Question

The distance between the circumcentre and the ortho-centre of the triangle formed by the points (2, 1, 5), (3, 2, 3) and (4, 0, 4) is
A.\[\sqrt{6}\]
​
B. \[\dfrac{\sqrt{6}}{2}\]

C. \[2\sqrt{6}\]

D. 0

Answer 1

Hint: -In this question, firstly, we will find the length of the sides of the triangle that is formed by the points (2, 1, 5), (3, 2, 3) and (4, 0, 4) by using the section formula that is given as follows
The most important formula that would be required to find the distance between two points in 3-dimension is the distance formula which is as follows
The distance formula is as follows
\[d=\sqrt{{{\left( {{x}_{2}}-{{x}_{1}} \right)}^{2}}+{{\left( {{y}_{2}}-{{y}_{1}} \right)}^{2}}+{{\left( {{z}_{2}}-{{z}_{1}} \right)}^{2}}}\]
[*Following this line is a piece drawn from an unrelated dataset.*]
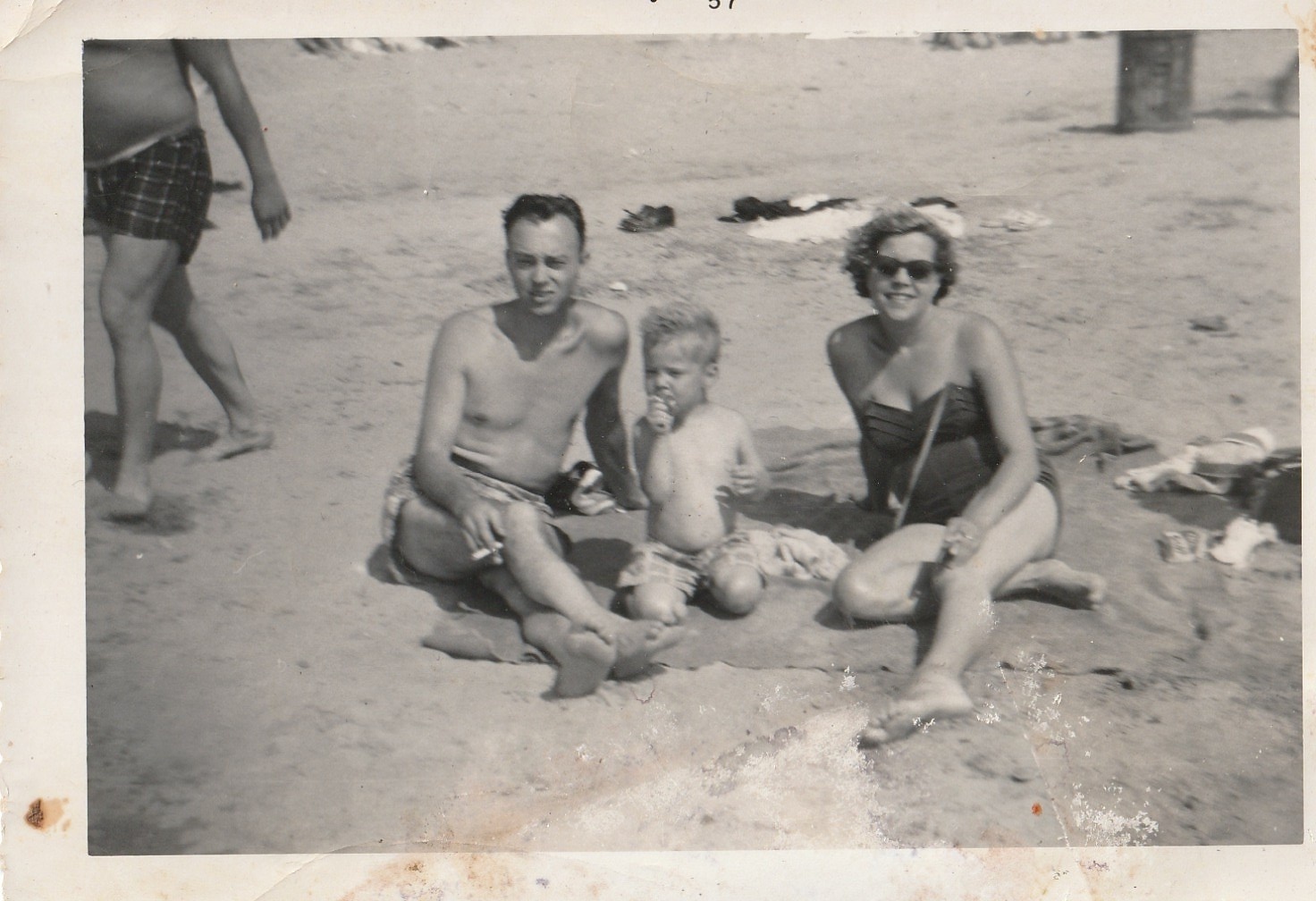 Larry as a toddler with his parents Edwin and Rosa at Point Breeze beach, 1957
Complete step-by-step answer:
As mentioned in the question, we have to find the distance between the ortho-centre and the circumcentre of the triangle formed by the points that are given in the question.
Now, as mentioned in the hint, we will first find the distance between the points using the distance formula as follows
Distance between the points (2, 1, 5) and (3, 2, 3) is as follows
\[\begin{align}
  & \left[ d=\sqrt{{{\left( {{x}_{2}}-{{x}_{1}} \right)}^{2}}+{{\left( {{y}_{2}}-{{y}_{1}} \right)}^{2}}+{{\left( {{z}_{2}}-{{z}_{1}} \right)}^{2}}} \right] \\
 & \Rightarrow d=\sqrt{{{\left( 2-3 \right)}^{2}}+{{\left( 1-2 \right)}^{2}}+{{\left( 5-3 \right)}^{2}}} \\
 & \Rightarrow d=\sqrt{{{\left( -1 \right)}^{2}}+{{\left( -1 \right)}^{2}}+{{\left( 2 \right)}^{2}}} \\
 & \Rightarrow d=\sqrt{1+1+4} \\
 & \Rightarrow d=\sqrt{6} \\
\end{align}\]
 Distance between the points (2, 1, 5) and (4, 0, 4) is as follows
\[\begin{align}
  & \left[ d=\sqrt{{{\left( {{x}_{2}}-{{x}_{1}} \right)}^{2}}+{{\left( {{y}_{2}}-{{y}_{1}} \right)}^{2}}+{{\left( {{z}_{2}}-{{z}_{1}} \right)}^{2}}} \right] \\
 & \Rightarrow d=\sqrt{{{\left( 2-4 \right)}^{2}}+{{\left( 1-0 \right)}^{2}}+{{\left( 5-4 \right)}^{2}}} \\
 & \Rightarrow d=\sqrt{{{\left( -2 \right)}^{2}}+{{\left( 1 \right)}^{2}}+{{\left( 1 \right)}^{2}}} \\
 & \Rightarrow d=\sqrt{4+1+1} \\
 & \Rightarrow d=\sqrt{6} \\
\end{align}\]
Distance between the points (3, 2, 3) and (4, 0, 4) is as follows
\[\begin{align}
  & \left[ d=\sqrt{{{\left( {{x}_{2}}-{{x}_{1}} \right)}^{2}}+{{\left( {{y}_{2}}-{{y}_{1}} \right)}^{2}}+{{\left( {{z}_{2}}-{{z}_{1}} \right)}^{2}}} \right] \\
 & \Rightarrow d=\sqrt{{{\left( 3-4 \right)}^{2}}+{{\left( 2-0 \right)}^{2}}+{{\left( 3-4 \right)}^{2}}} \\
 & \Rightarrow d=\sqrt{{{\left( -1 \right)}^{2}}+{{\left( 2 \right)}^{2}}+{{\left( -1 \right)}^{2}}} \\
 & \Rightarrow d=\sqrt{1+4+1} \\
 & \Rightarrow d=\sqrt{6} \\
\end{align}\]
Now, as the distance between all the points of the triangle is equal, hence, the triangle is an equilateral triangle.
Now, we know that in an equilateral triangle, all the points namely orthocenter, circumcentre and centroid lie at the same point, hence, the distance between the ortho-centre and the circumcentre (which is asked in the question) is 0.
Hence, the answer to the question is 0.

Note:- It is very important for the students to know that in an equilateral triangle, all the points namely orthocenter, circumcentre and centroid lie at the same point as if the students don’t know this, then they won’t be able to get to the correct answer.
Also, the students must know the formula that is used to find the distance between two points in 3-dimension which is the distance formula as without knowing them, one can never get to the correct answer.